I have a new favorite pair of shoes
When I saw Alison Dahl's tutorial for covering shoes with fabric on Burdastyle, I knew I had to try it. I've thought about it before, how some fabrics I had in my stash would make a really rad pair of shoes, but I always pictured covering flats. When I saw the fabric covered wedge, I was sold. I recently got rid of a large portion of my shoe collection that I didn't wear very often in an effort to simplify (read: no more room in closet). So, I went out in search of a pair to try it out.
I went to about five different thrift stores and found nothing. Not a single pair of wedges in my size. On my way home I passed a Shoe Carnival and thought hmmmmm...... maybe I should check the clearance rack. I was determined to find a pair. I found these beauties on clearance for eleven bucks. I feel a little guilty that I didn't actually give an old pair of shoes new life but since this was my trial run and they were so cheap.... From now, I'll be on the lookout for shoes to recover secondhand.

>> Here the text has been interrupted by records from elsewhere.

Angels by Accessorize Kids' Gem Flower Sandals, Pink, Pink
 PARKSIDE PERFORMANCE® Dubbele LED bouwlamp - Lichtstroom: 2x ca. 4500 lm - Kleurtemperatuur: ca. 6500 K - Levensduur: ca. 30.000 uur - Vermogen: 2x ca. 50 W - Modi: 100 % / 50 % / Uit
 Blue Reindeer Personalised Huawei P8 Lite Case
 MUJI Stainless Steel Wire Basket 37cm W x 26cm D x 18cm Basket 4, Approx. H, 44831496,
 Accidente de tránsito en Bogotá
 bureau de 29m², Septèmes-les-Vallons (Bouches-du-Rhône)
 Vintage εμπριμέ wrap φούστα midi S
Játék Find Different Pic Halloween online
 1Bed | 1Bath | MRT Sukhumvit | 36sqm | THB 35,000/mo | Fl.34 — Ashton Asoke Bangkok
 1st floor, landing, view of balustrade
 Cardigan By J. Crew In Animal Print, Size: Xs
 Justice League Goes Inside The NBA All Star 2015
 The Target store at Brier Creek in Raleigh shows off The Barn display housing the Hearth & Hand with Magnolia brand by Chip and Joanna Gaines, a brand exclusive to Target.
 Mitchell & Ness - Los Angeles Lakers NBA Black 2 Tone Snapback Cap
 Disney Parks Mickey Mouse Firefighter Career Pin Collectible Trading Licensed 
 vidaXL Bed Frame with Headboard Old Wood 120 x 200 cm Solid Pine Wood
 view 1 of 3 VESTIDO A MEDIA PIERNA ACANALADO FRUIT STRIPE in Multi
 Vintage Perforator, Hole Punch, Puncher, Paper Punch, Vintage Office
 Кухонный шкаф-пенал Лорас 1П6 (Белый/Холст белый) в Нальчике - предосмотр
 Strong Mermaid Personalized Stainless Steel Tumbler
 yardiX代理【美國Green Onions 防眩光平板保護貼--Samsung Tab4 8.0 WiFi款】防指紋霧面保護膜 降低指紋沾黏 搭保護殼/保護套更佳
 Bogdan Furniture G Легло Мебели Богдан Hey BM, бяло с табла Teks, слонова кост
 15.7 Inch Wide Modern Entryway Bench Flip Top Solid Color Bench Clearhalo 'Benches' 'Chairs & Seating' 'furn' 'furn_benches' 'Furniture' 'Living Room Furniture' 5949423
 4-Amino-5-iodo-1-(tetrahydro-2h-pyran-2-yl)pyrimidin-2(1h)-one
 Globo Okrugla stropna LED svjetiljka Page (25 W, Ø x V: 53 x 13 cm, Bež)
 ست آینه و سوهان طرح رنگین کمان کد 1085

It was an interesting and fun process. I used some spray adhesive and spritzed some scrap fabric lightly so it would stick to the shoe while I traced the pattern pieces. Initially my pattern had about seven different pieces. I covered one shoe with the multiple pieces, folding under and pressing the seams, but it ended up looking pretty sloppy. The fabric I used is a home decor weight cotton from Anna Maria Horner that I had in my stash for a some time. It was a bit heavy for having so many seams to fold under. I put my pattern pieces together for the second shoe and cut the upper pieces in two pieces and the bottom piece as one piece. So much better. I ended up ripping off the fabric from the first shoe and redoing it. I recommend using as few pieces as you can for a neater finish.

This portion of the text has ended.